Image-text web data:
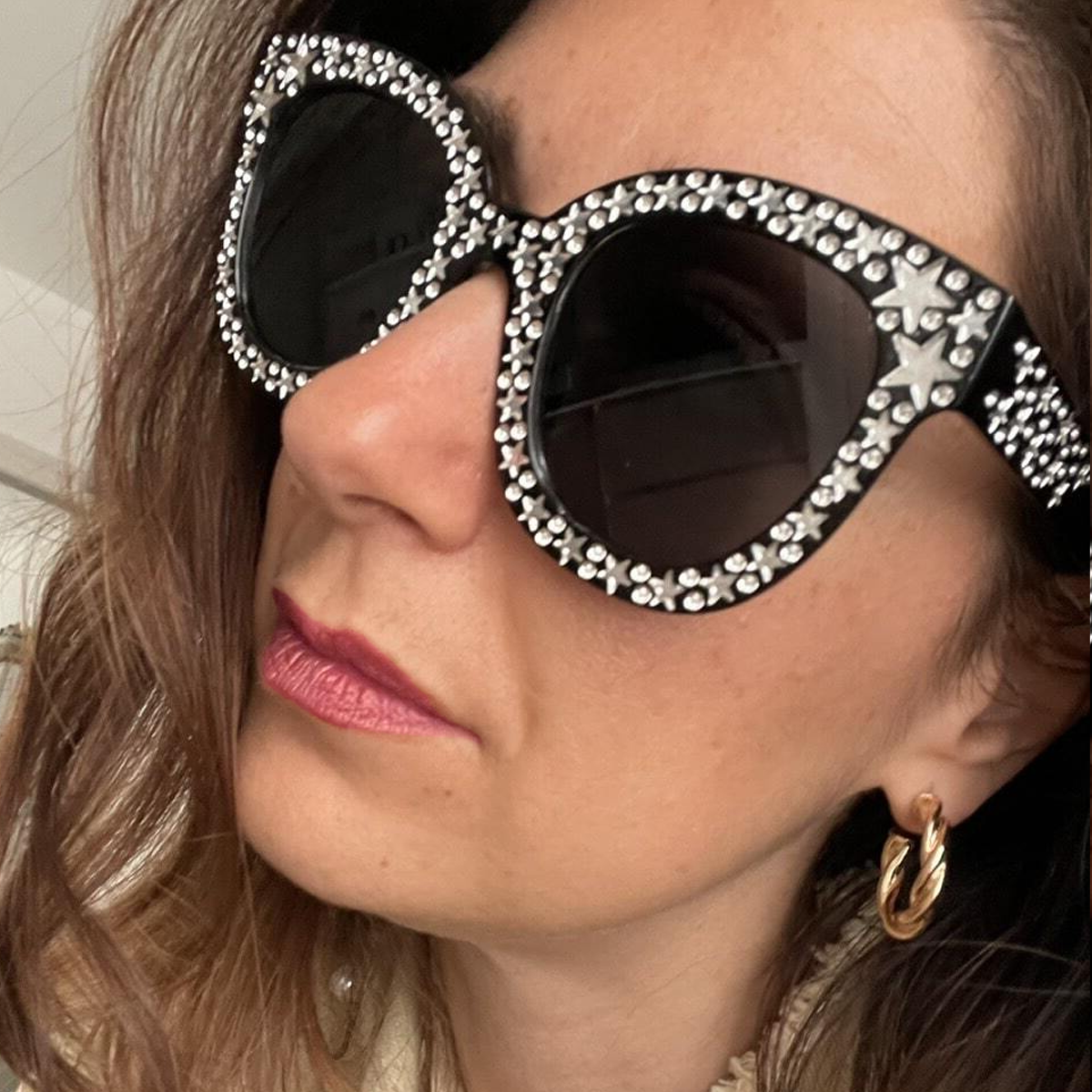 Festival zonnebril - cat eye met strass sterretjes - zwart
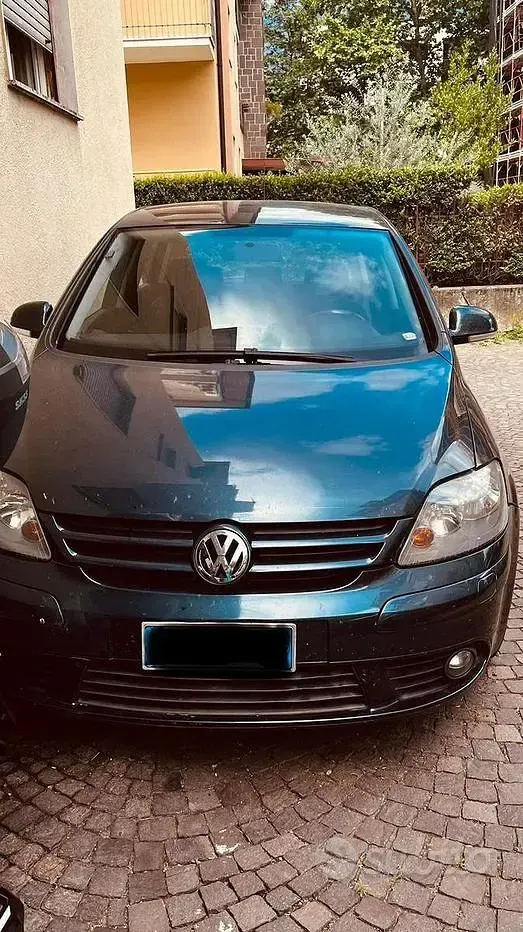 Usata VW Golf V 140 CV (102 kW) 2007 Bluazzurro Berlina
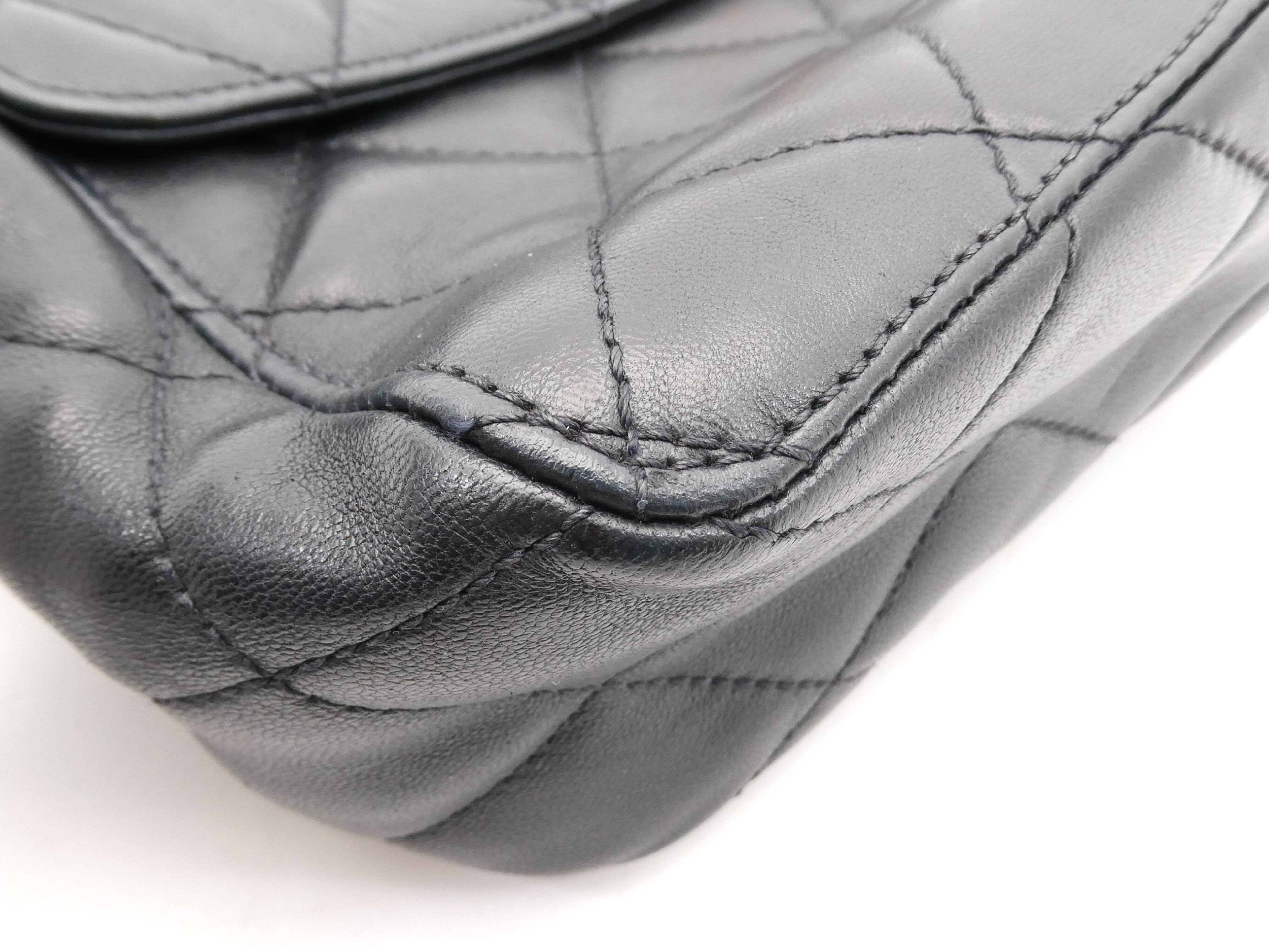 Matelassé Coco Mark Turnlock Shoulder Bag — view 10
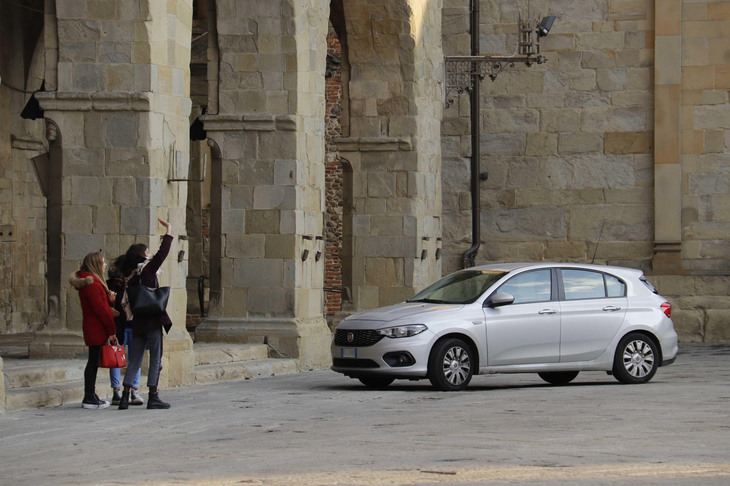 イタリアの街なかにおける「フィアット・ティーポ5ドア」の初期型。2020年1月、ピストイア市役所前で筆者撮影。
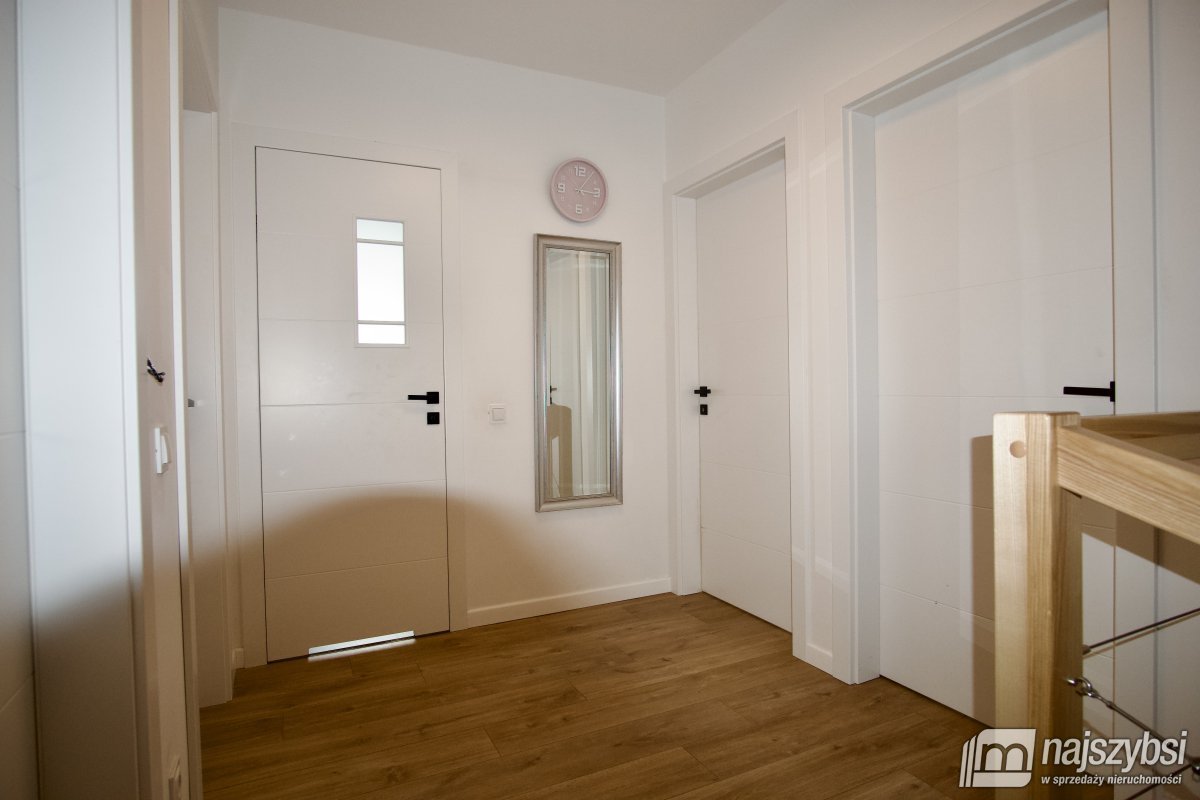 Pilchowo- Komfortowy dom z ogródkiem i garażem (20)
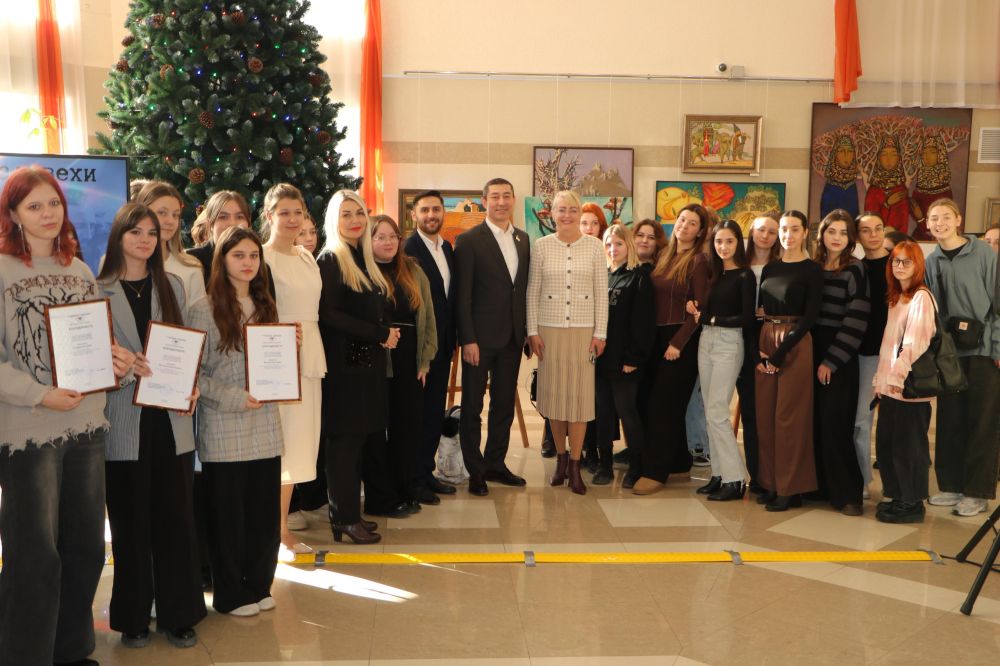 В Крыму впервые открылась выставка кубинских художников в честь 60-летия Российского общества дружбы с Кубой В Крыму впервые открылась выставка кубинских художников в честь 60-летия Российского общества дружбы с Кубой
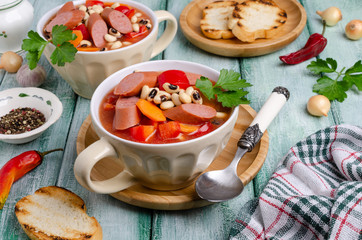 Stewed beans with sausages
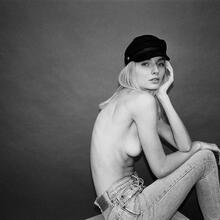  Nude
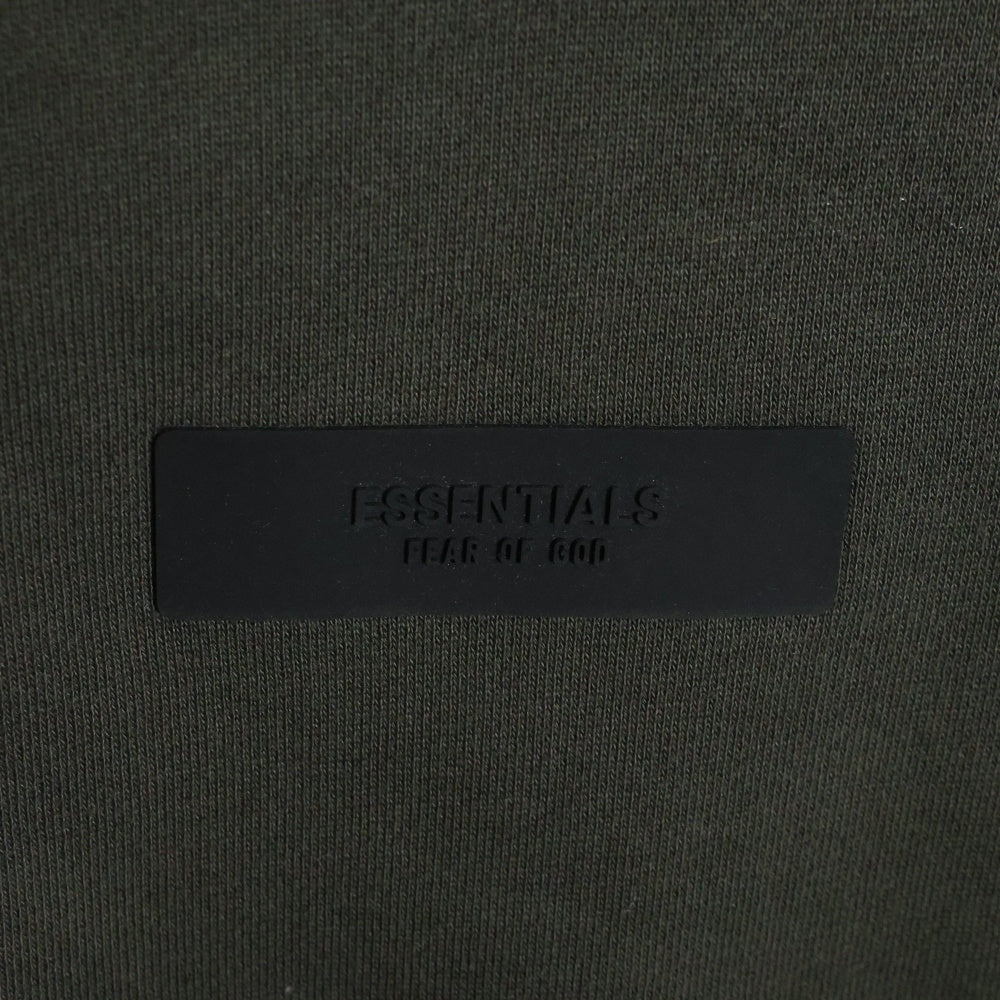 ESSENTIALS FEAR OF GOD(エッセンシャル フィアオブゴッド) プルオーバー パーカー ラバーブラックロゴ オリーブ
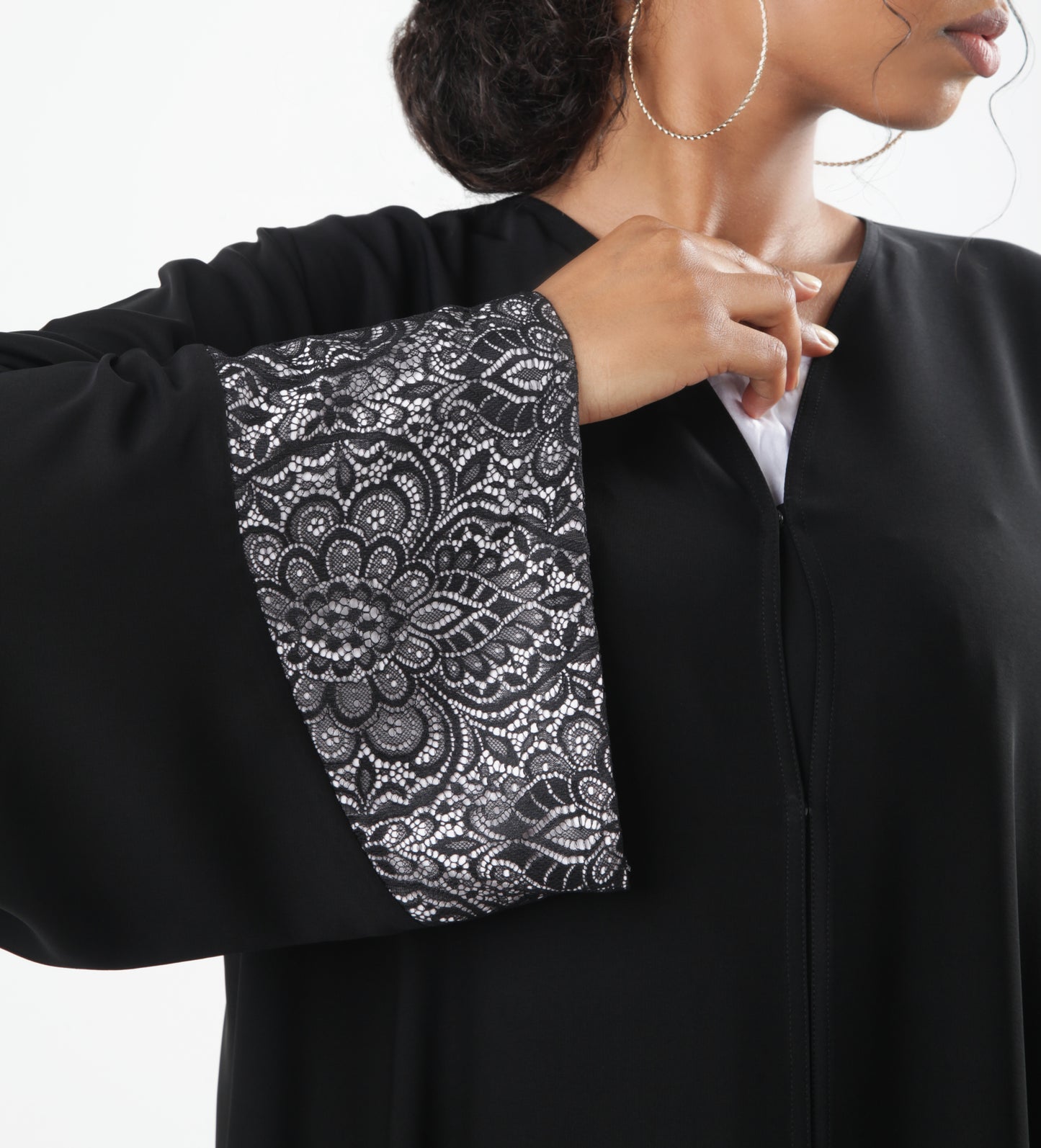 Black Sided Design Abaya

* **Brief**: All entries must be written out again exactly as given, with no pictures in the copy.

* **Task response**:
 Festival zonnebril - cat eye met strass sterretjes - zwart
 Usata VW Golf V 140 CV (102 kW) 2007 Bluazzurro Berlina
 Matelassé Coco Mark Turnlock Shoulder Bag — view 10
 イタリアの街なかにおける「フィアット・ティーポ5ドア」の初期型。2020年1月、ピストイア市役所前で筆者撮影。
 Pilchowo- Komfortowy dom z ogródkiem i garażem (20)
 В Крыму впервые открылась выставка кубинских художников в честь 60-летия Российского общества дружбы с Кубой В Крыму впервые открылась выставка кубинских художников в честь 60-летия Российского общества дружбы с Кубой
 Stewed beans with sausages
  Nude
 ESSENTIALS FEAR OF GOD(エッセンシャル フィアオブゴッド) プルオーバー パーカー ラバーブラックロゴ オリーブ
 Black Sided Design Abaya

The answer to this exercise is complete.